» What is expected
Return all entries word for word, but drop any images.
(Data shown Opens)
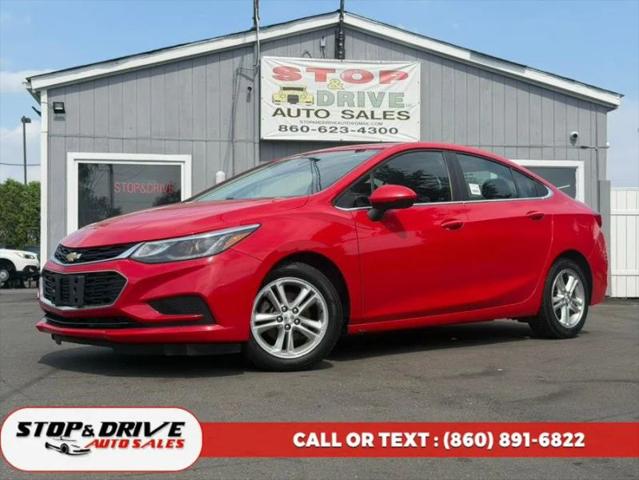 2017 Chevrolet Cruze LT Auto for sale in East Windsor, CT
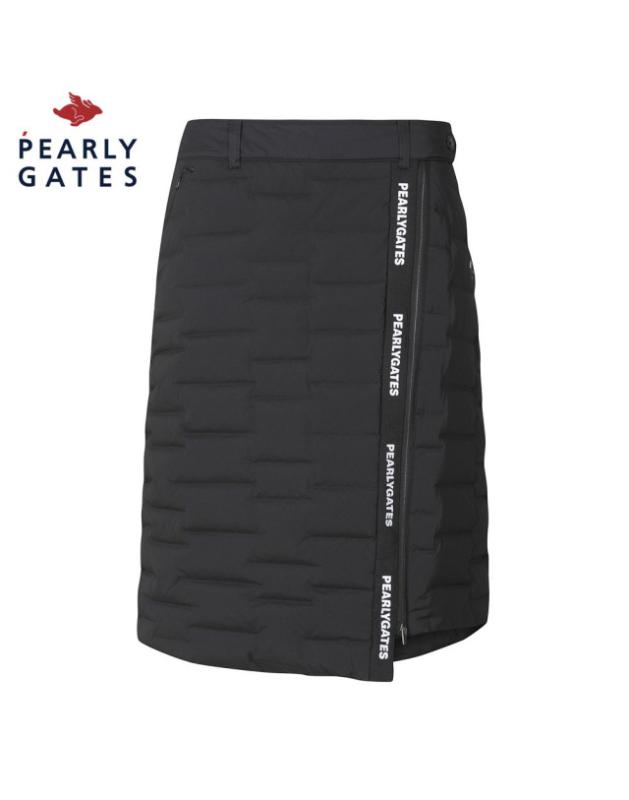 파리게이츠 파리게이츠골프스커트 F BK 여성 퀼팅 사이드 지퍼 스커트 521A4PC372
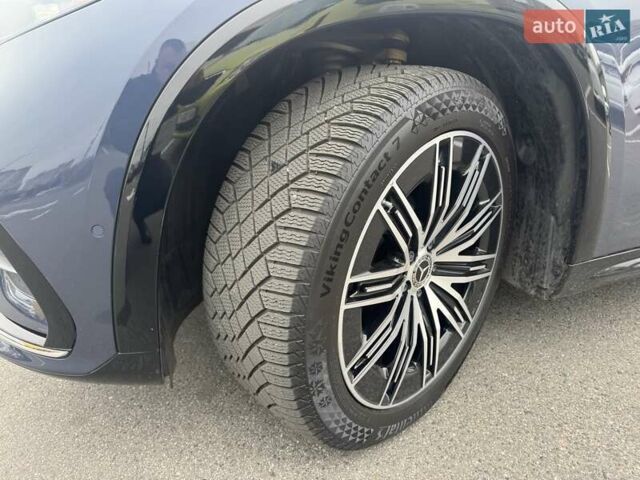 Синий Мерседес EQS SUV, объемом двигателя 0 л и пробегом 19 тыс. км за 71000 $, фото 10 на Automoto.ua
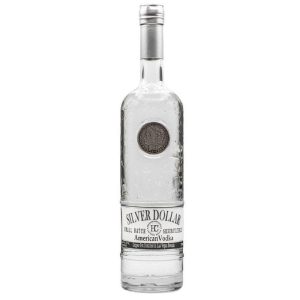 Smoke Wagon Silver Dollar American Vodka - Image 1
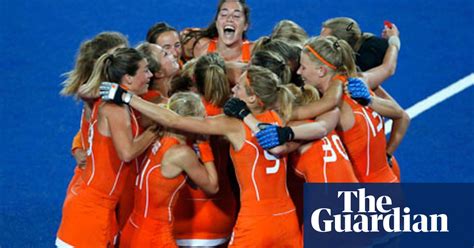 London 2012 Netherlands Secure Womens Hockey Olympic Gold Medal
(Data shown Closes)
» Task solution
 2017 Chevrolet Cruze LT Auto for sale in East Windsor, CT
 파리게이츠 파리게이츠골프스커트 F BK 여성 퀼팅 사이드 지퍼 스커트 521A4PC372
 Синий Мерседес EQS SUV, объемом двигателя 0 л и пробегом 19 тыс. км за 71000 $, фото 10 на Automoto.ua
 Smoke Wagon Silver Dollar American Vodka - Image 1
 London 2012 Netherlands Secure Womens Hockey Olympic Gold Medal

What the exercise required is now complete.